Running into the 1988 Presidential election, Bloom County -- for those of you who were even more children than I at the time, a left-leaning comic strip penned by, what else, an Austinite -- took to calling the two major party nominees the Wimp and the Shrimp. The joke -- with respect to one of only three one-term Presidents of the twentieth century -- took aim at the elder Bush's penchant for genteel, Rockefeller Republicanism; love of bipartisanship; and general image of softness, compared to the giant who came before him.

Little did we know that the truth of that image would come back to haunt us throughout the man's presidency, culminating (but hardly ending) in that great bipartisan moment in which President Bush (1) decided that everyone who'd read his lips scant years before had been suffering from mass dyslexia.

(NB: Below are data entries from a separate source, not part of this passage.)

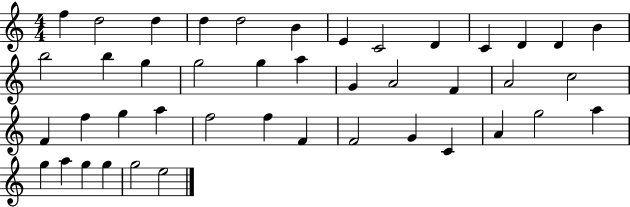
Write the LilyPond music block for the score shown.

{
  \clef treble
  \numericTimeSignature
  \time 4/4
  \key c \major
  f''4 d''2 d''4 | d''4 d''2 b'4 | e'4 c'2 d'4 | c'4 d'4 d'4 b'4 | \break b''2 b''4 g''4 | g''2 g''4 a''4 | g'4 a'2 f'4 | a'2 c''2 | \break f'4 f''4 g''4 a''4 | f''2 f''4 f'4 | f'2 g'4 c'4 | a'4 g''2 a''4 | \break g''4 a''4 g''4 g''4 | g''2 e''2 | \bar "|."
}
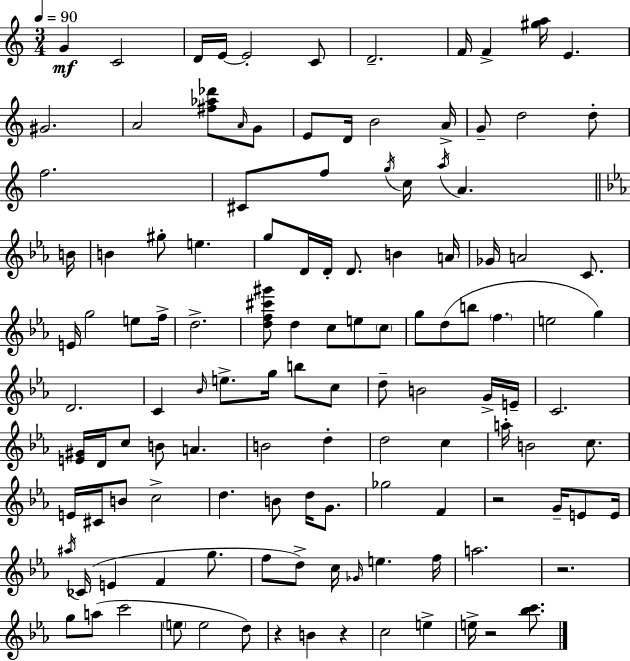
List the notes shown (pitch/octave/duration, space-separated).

G4/q C4/h D4/s E4/s E4/h C4/e D4/h. F4/s F4/q [G#5,A5]/s E4/q. G#4/h. A4/h [F#5,Ab5,Db6]/e A4/s G4/e E4/e D4/s B4/h A4/s G4/e D5/h D5/e F5/h. C#4/e F5/e G5/s C5/s A5/s A4/q. B4/s B4/q G#5/e E5/q. G5/e D4/s D4/s D4/e. B4/q A4/s Gb4/s A4/h C4/e. E4/s G5/h E5/e F5/s D5/h. [D5,F5,C#6,G#6]/e D5/q C5/e E5/e C5/e G5/e D5/e B5/e F5/q. E5/h G5/q D4/h. C4/q Bb4/s E5/e. G5/s B5/e C5/e D5/e B4/h G4/s E4/s C4/h. [E4,G#4]/s D4/s C5/e B4/e A4/q. B4/h D5/q D5/h C5/q A5/s B4/h C5/e. E4/s C#4/s B4/e C5/h D5/q. B4/e D5/s G4/e. Gb5/h F4/q R/h G4/s E4/e E4/s A#5/s CES4/s E4/q F4/q G5/e. F5/e D5/e C5/s Gb4/s E5/q. F5/s A5/h. R/h. G5/e A5/e C6/h E5/e E5/h D5/e R/q B4/q R/q C5/h E5/q E5/s R/h [Bb5,C6]/e.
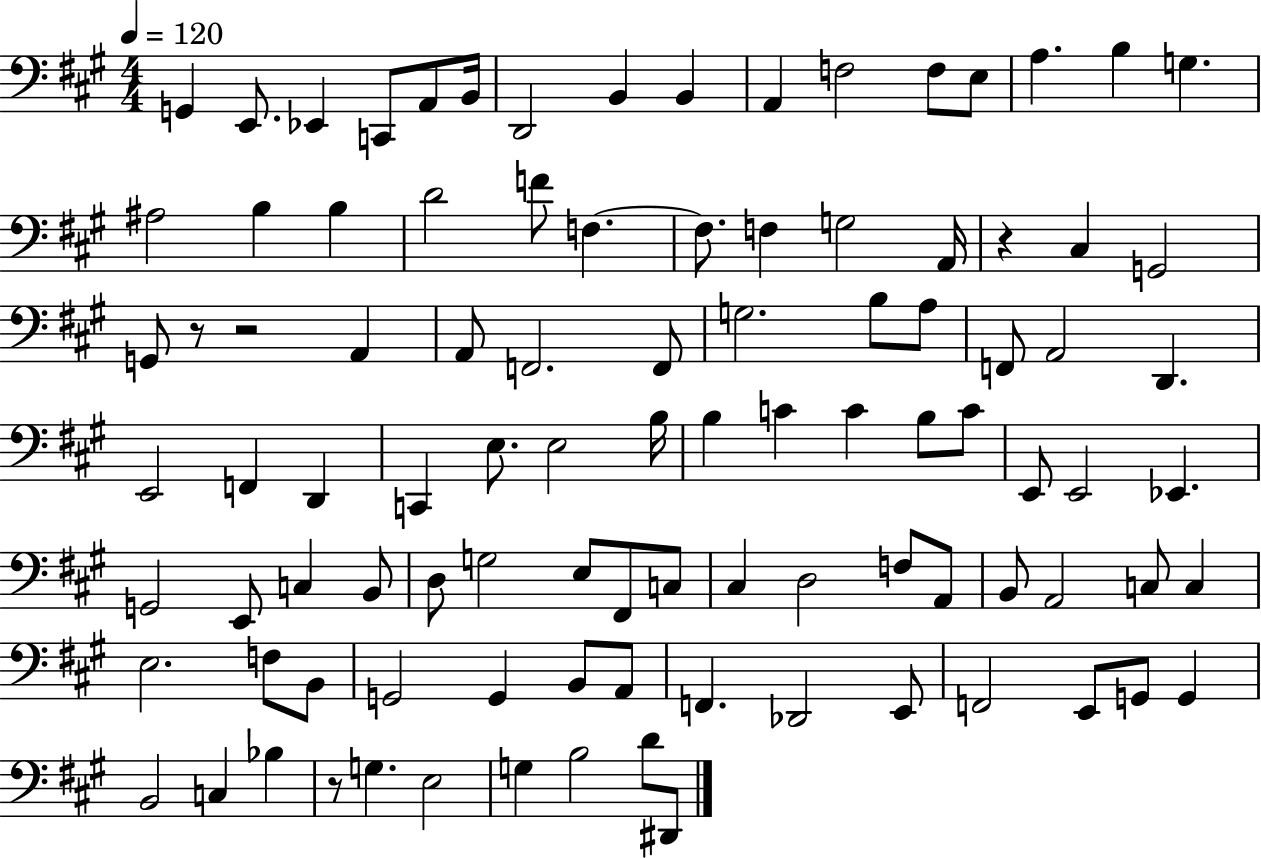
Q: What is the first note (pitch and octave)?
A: G2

One of the great worries many of us had in 2000 -- aside from the fear that we'd soon have an android in charge of the nuclear codes, and that his alien masters would overrun us all -- was that the Wimp's wimpiness was congenital, and a dominant gene. This did not overly concern me, because, first, any idiot -- and George W. Bush is not an idiot -- could figure out what cost his father the Presidency; and, second, I watched the younger Bush absolutely annihilate that old crone Ann Richards, and not gently, either. Sure, he liked the bipartisan game, but he knew where the long knives were kept.

I maintain that I was right, but to a point; and the beginning of my error is the beginning of the explanation for the absolute fecklessness of the last two and a half years of President Bush's last term.